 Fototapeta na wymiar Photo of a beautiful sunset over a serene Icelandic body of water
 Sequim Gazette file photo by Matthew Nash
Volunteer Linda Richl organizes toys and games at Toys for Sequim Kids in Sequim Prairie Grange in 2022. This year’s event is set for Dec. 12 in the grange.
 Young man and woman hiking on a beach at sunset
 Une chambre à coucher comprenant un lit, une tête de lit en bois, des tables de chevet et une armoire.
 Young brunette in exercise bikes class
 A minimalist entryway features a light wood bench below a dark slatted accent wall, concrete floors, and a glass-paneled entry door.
......
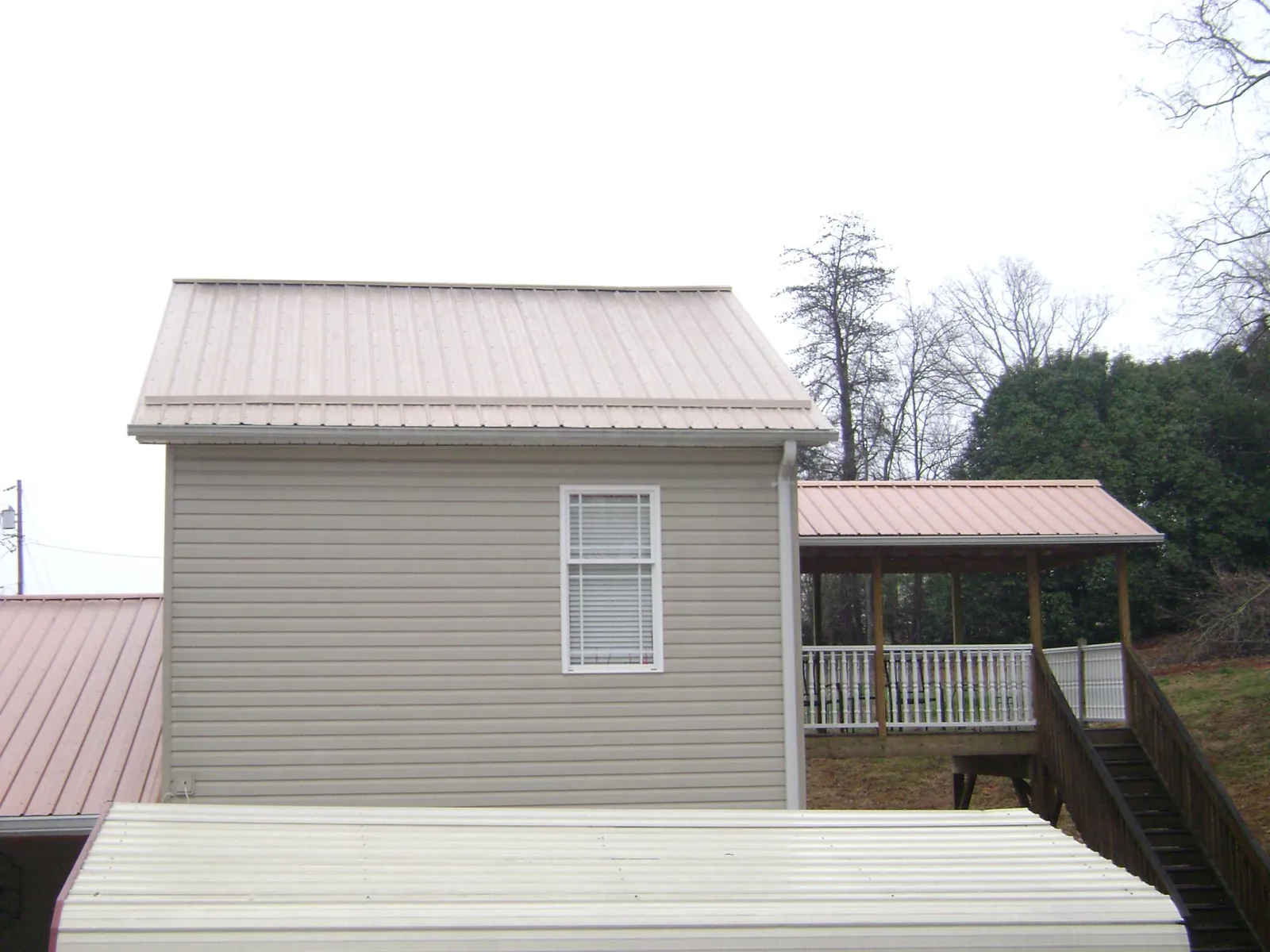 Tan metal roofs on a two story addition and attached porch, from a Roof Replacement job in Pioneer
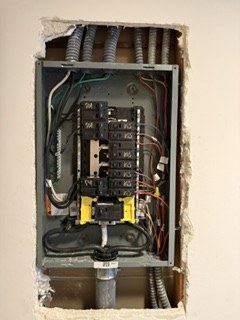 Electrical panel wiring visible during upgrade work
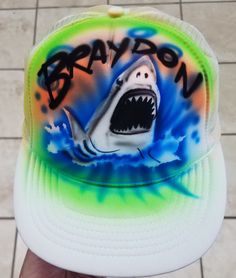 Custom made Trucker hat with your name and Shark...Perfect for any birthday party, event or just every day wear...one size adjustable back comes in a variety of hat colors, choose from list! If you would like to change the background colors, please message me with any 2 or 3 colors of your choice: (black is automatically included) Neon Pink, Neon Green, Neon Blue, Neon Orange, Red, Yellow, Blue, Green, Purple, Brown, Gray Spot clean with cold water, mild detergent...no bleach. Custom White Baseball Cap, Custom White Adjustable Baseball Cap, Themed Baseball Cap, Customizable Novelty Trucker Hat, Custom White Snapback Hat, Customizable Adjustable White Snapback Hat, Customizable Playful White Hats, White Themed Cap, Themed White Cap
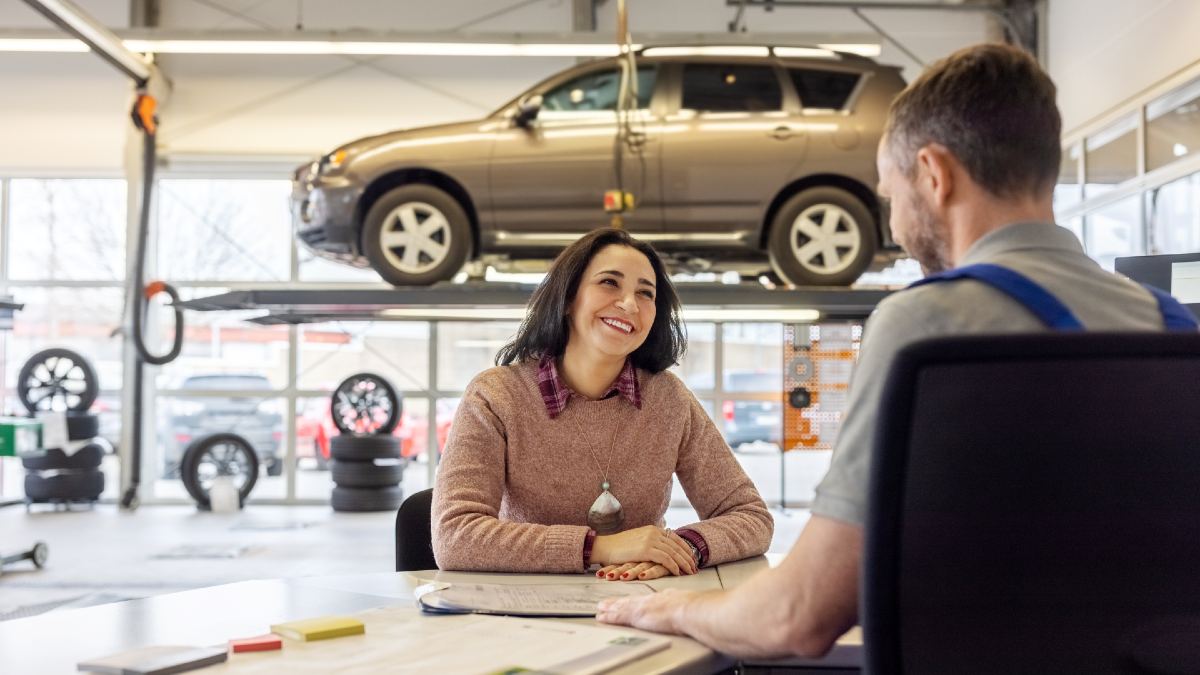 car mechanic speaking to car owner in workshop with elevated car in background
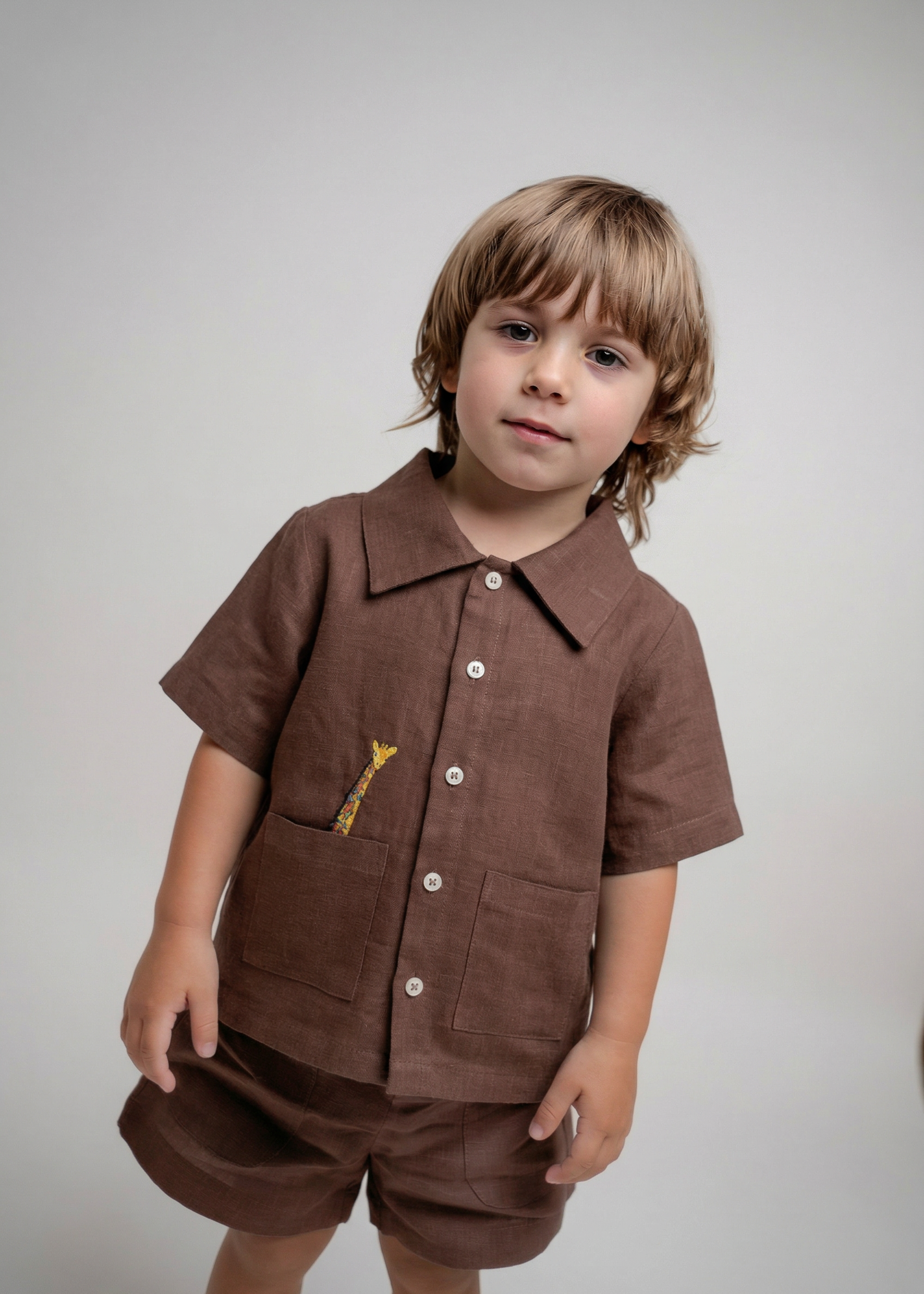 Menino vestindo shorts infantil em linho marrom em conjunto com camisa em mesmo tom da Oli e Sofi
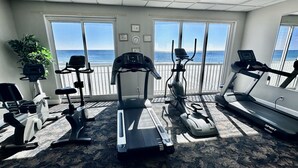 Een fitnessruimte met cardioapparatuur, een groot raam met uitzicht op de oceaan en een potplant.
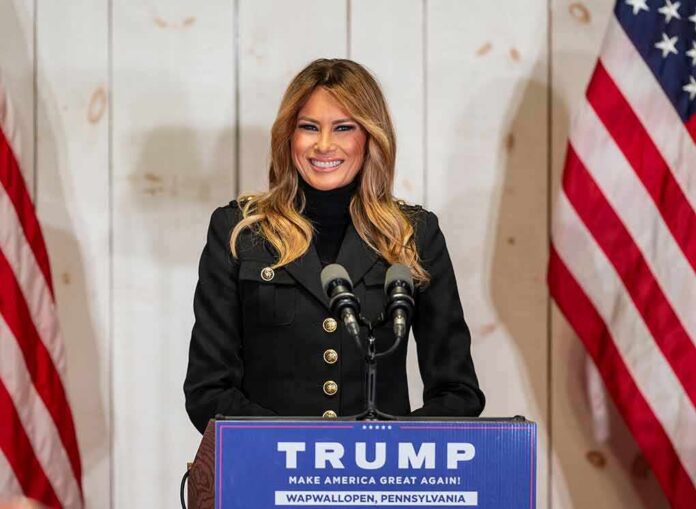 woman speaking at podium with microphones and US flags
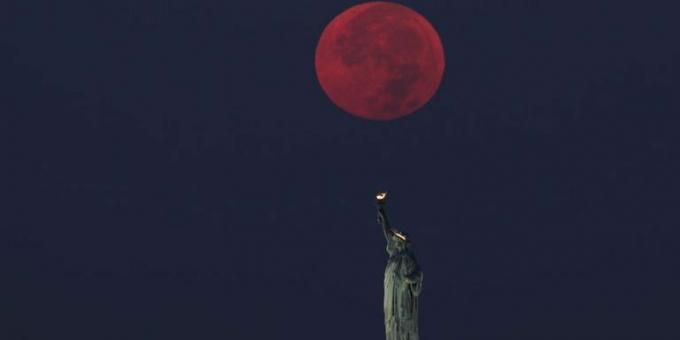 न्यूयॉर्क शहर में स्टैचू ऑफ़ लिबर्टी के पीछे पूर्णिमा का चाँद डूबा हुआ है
......
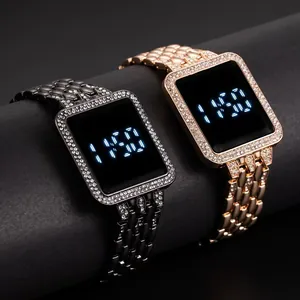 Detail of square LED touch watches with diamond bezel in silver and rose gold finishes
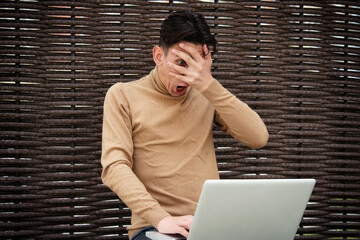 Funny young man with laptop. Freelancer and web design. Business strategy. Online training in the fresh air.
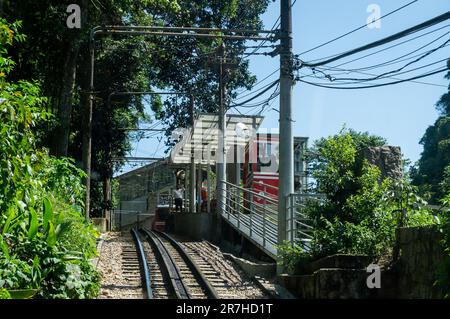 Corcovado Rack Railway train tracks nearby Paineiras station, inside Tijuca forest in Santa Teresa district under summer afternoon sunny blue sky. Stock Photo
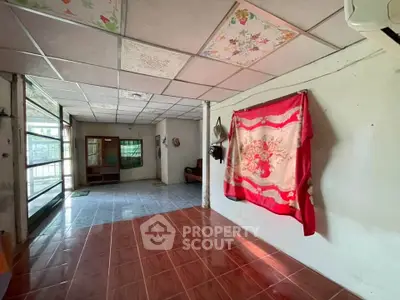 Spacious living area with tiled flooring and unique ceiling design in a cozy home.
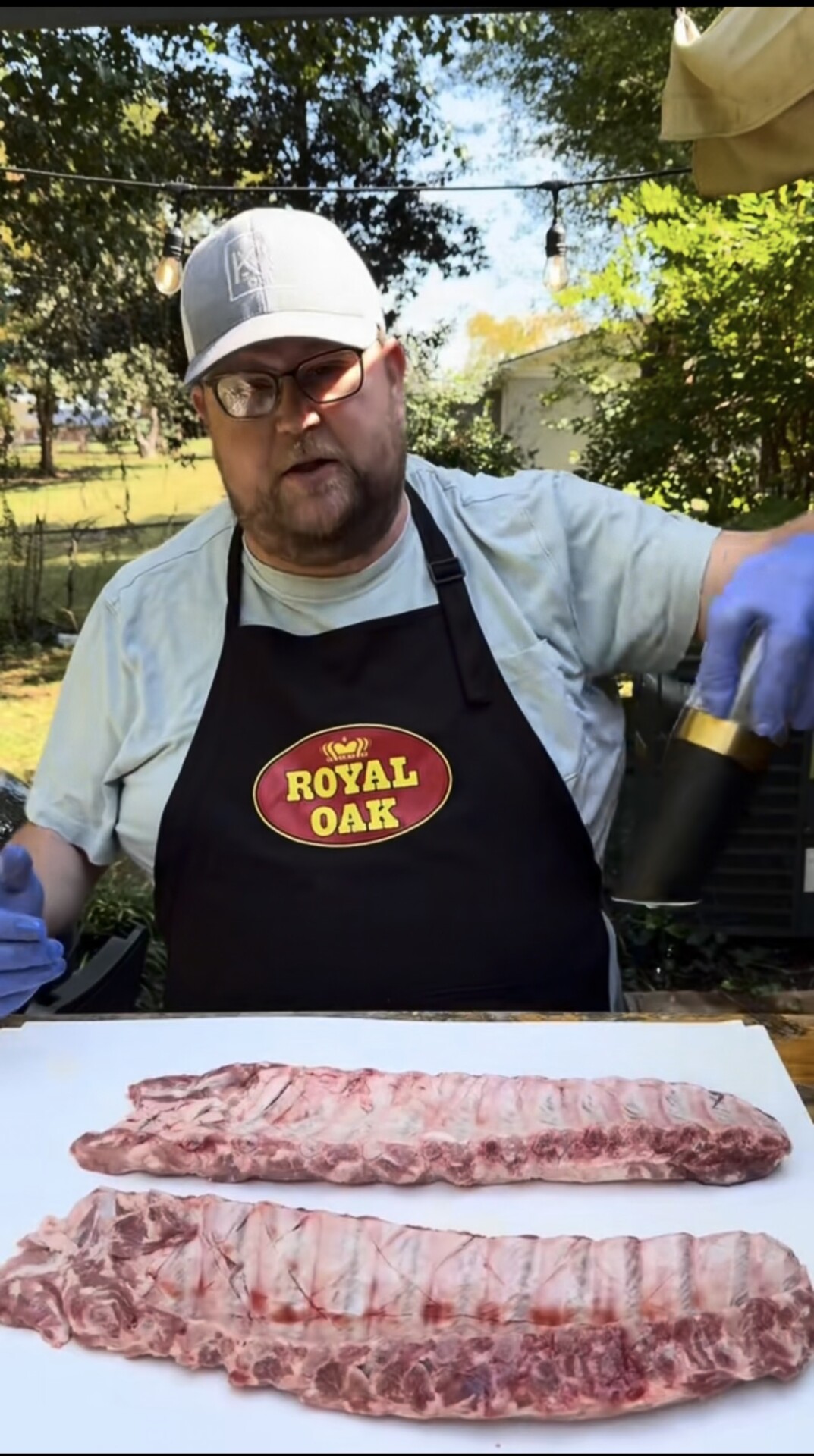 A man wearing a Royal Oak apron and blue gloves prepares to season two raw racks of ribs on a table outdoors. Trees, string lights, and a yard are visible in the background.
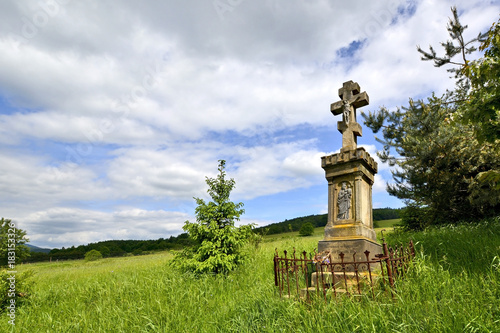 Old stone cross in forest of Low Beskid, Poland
......
Work instruction:
Filter the entries above and return only the lines holding "Sequim".

Answer space:
 Sequim Gazette file photo by Matthew Nash
Volunteer Linda Richl organizes toys and games at Toys for Sequim Kids in Sequim Prairie Grange in 2022. This year’s event is set for Dec. 12 in the grange.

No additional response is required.